Extracted information
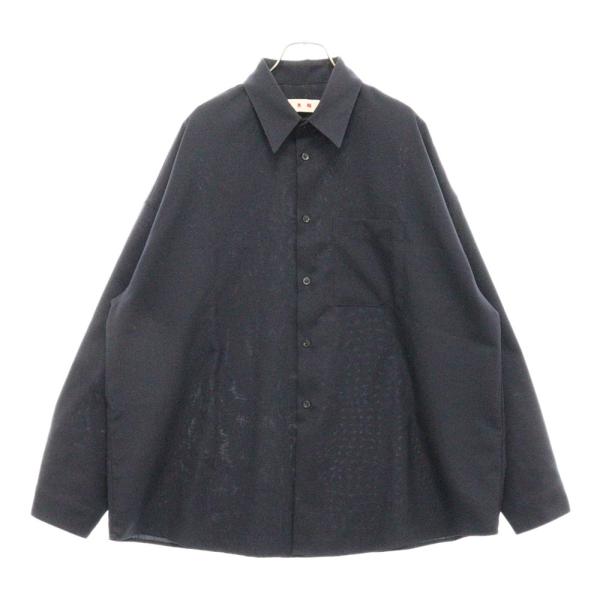 MARNI（マルニ） 23AW トロピカル ウール 長袖シャツ ネイビー
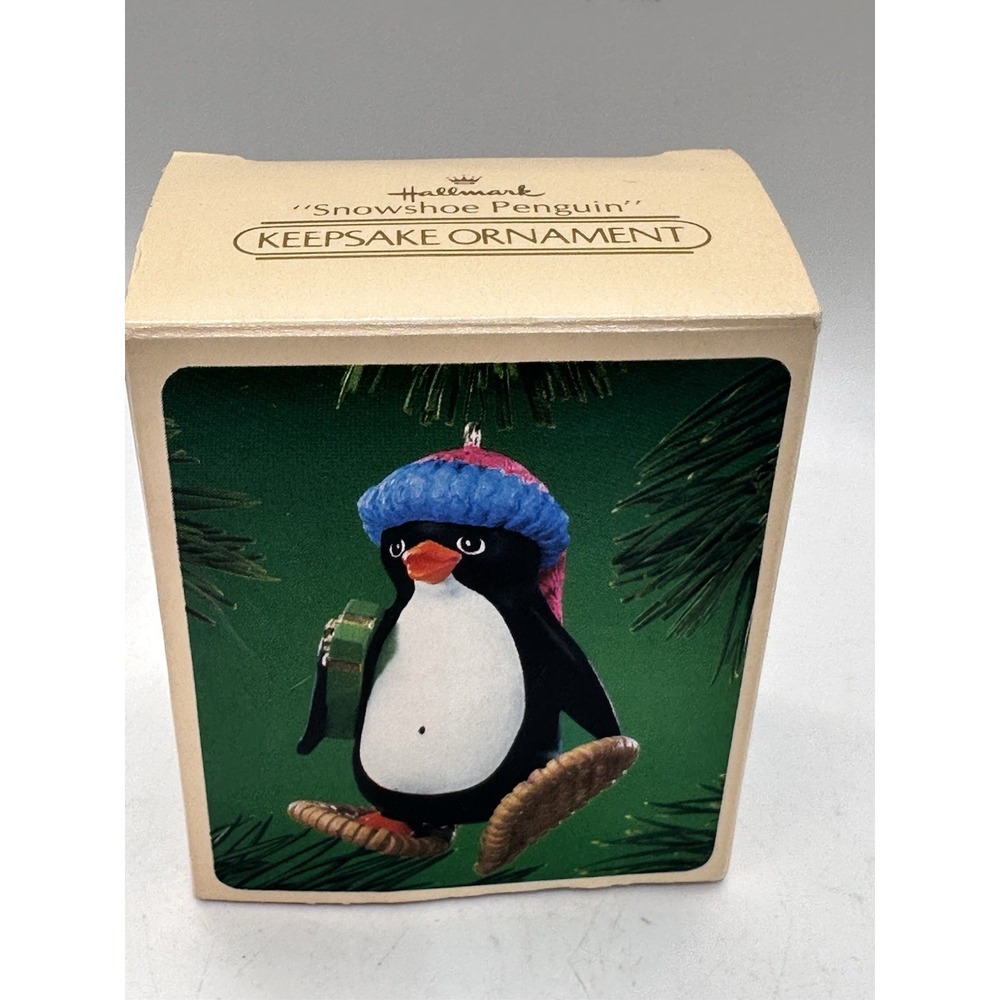 Vtg 1984 Hallmark Keepsake Snowshoe Penguin Christmas Tree Ornament Original Box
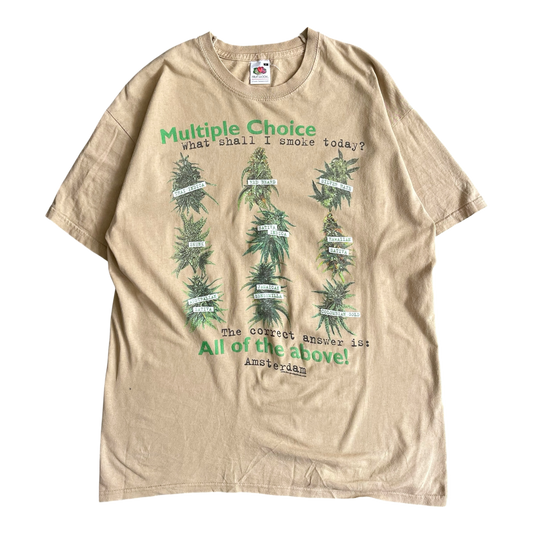 2000s multiple choice cannabis T-shirt (M)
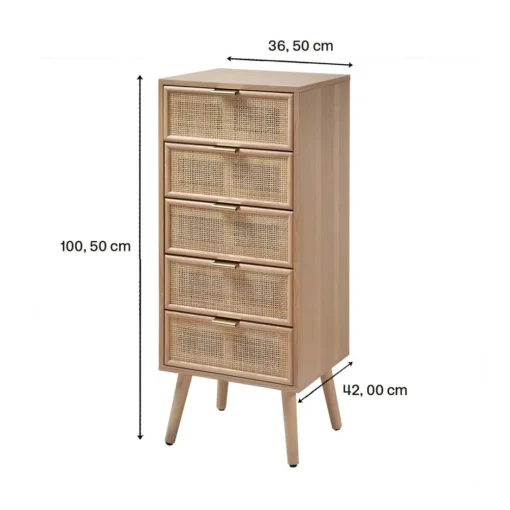 Chiffonnier 5 tiroirs façades en rotin naturel en bois Beige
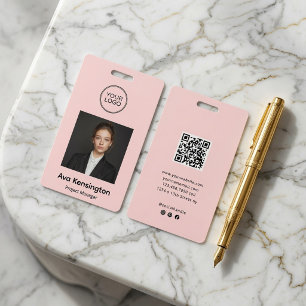 Custom Employee Photo ID Badge with QR Code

The problem
Everything in the listing must be copied exactly except the pictures.

Task output
 MARNI（マルニ） 23AW トロピカル ウール 長袖シャツ ネイビー
 Vtg 1984 Hallmark Keepsake Snowshoe Penguin Christmas Tree Ornament Original Box
 2000s multiple choice cannabis T-shirt (M)
 Chiffonnier 5 tiroirs façades en rotin naturel en bois Beige
 Custom Employee Photo ID Badge with QR Code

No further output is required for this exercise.